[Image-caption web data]
◇ ◇ ◇

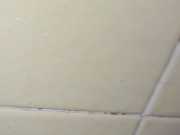 Hot guy strokes his cock in the shower 16/16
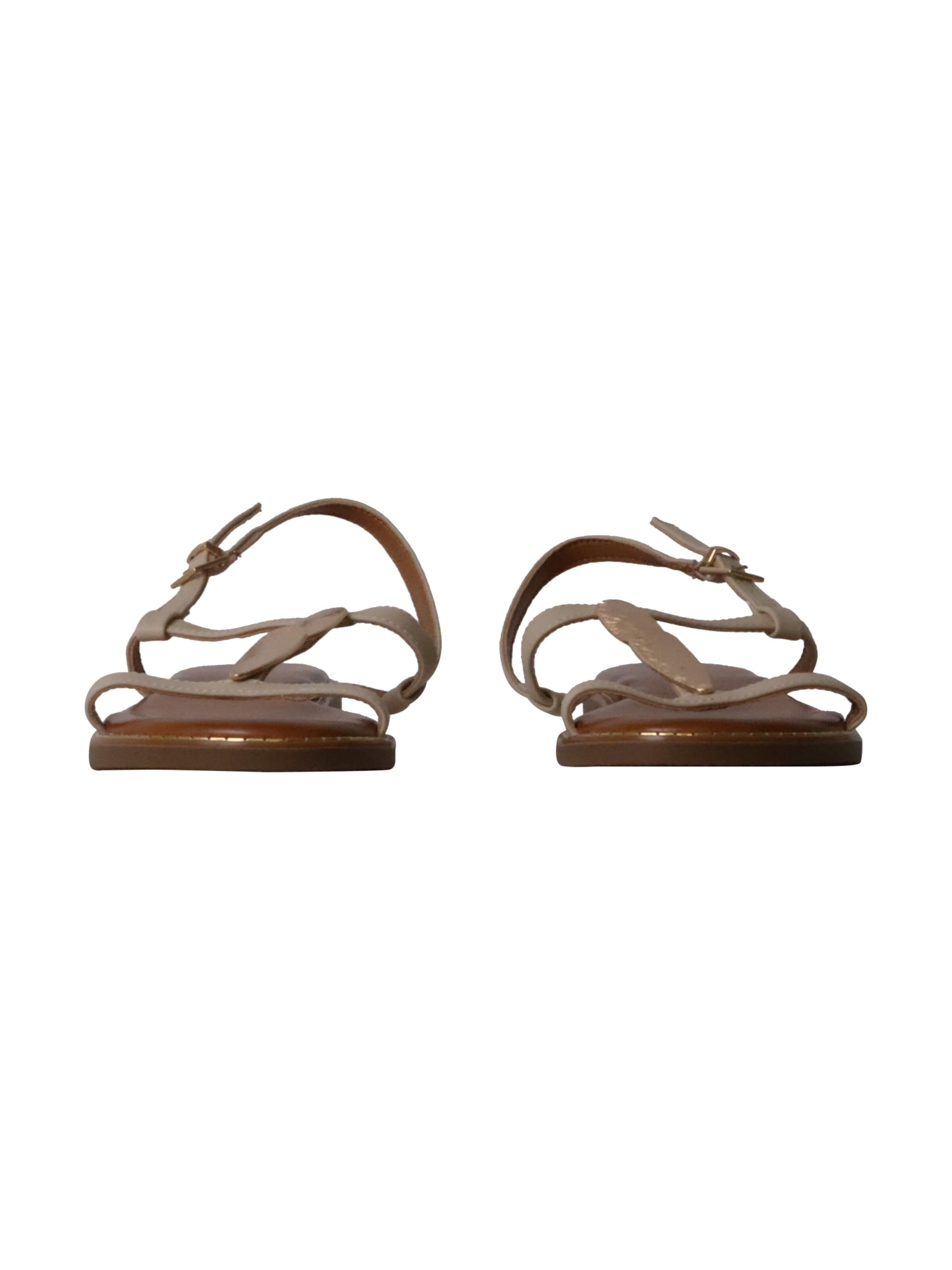 Super Mode - Sandalias 'Flache Riemchensandalen von Loevah Paris' en beige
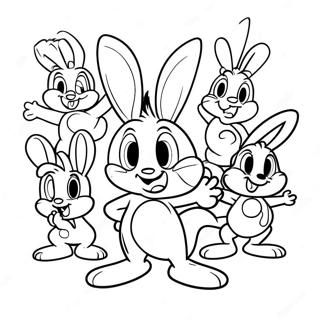 Pagina Da Colorare Dei Tiny Toons 40477-33543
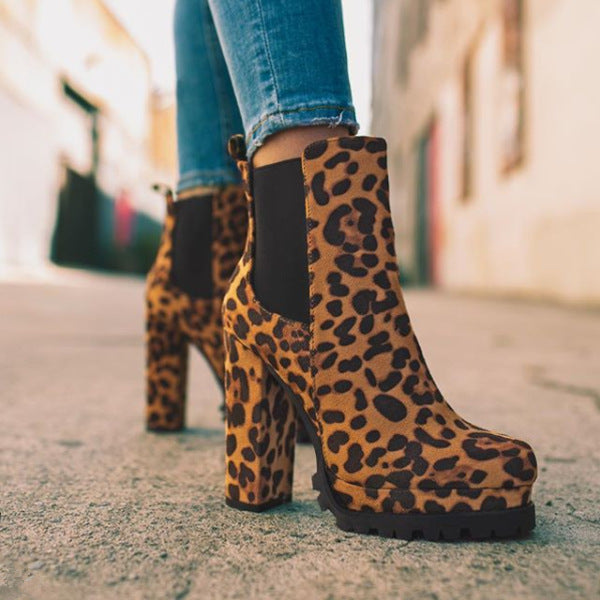 Margaret | Stiefelette mit runder Fußspitze für Damen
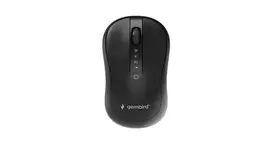 Gembird MUSW2-4B-01 belaidė pelė su dvigubu ryšiu (2.4 GHz + Bluetooth 5.0), 1600 DPI optinis jutiklis, 4 mygtukai, ambidekstrinė, juoda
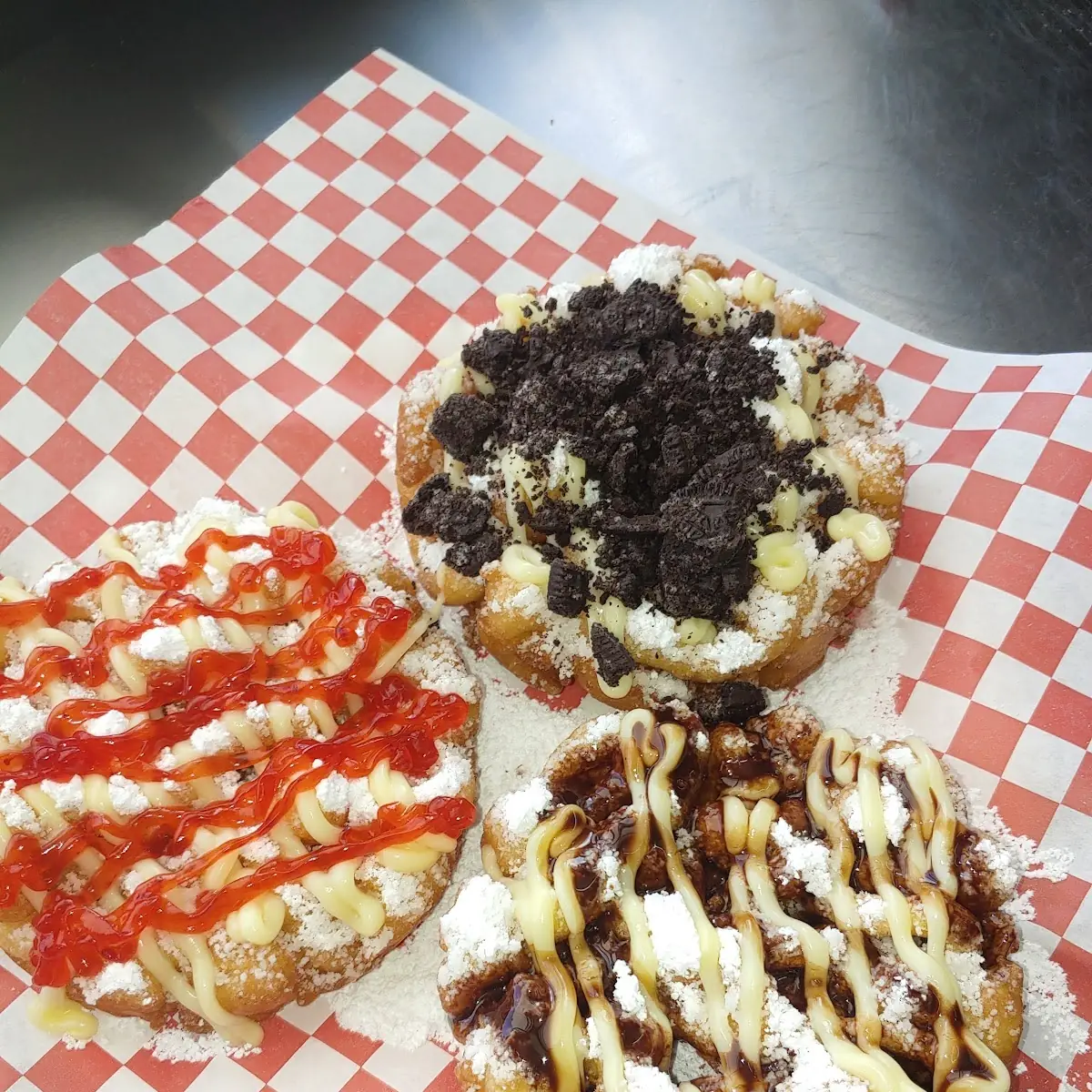 3 Mini Funnel Cakes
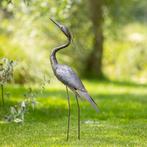 sculptuur, Reiger - 800 mm - Staal, Antiek en Kunst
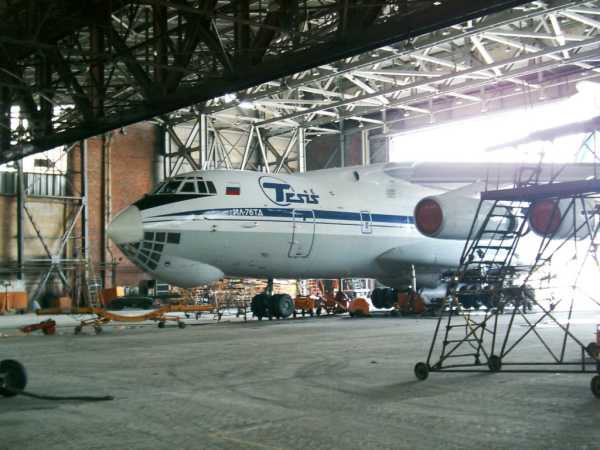 ИЛ-76, 1994 год. Фото Ильи Ожегова.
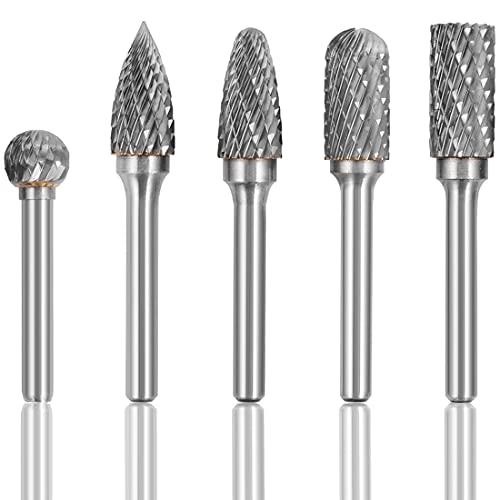 SeonFook 5本セット 超硬ドリルビット 6mm軸 10mmドリル径 ロータリーカッター リュ...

◇ ◇ ◇

What needs to be done: Give back, word for word, the lines from the one with "ИЛ-76, 1994 год. Фото Ильи Ожегова." to the end of the records above, and no pictures.

Task output:
 ИЛ-76, 1994 год. Фото Ильи Ожегова.
 SeonFook 5本セット 超硬ドリルビット 6mm軸 10mmドリル径 ロータリーカッター リュ...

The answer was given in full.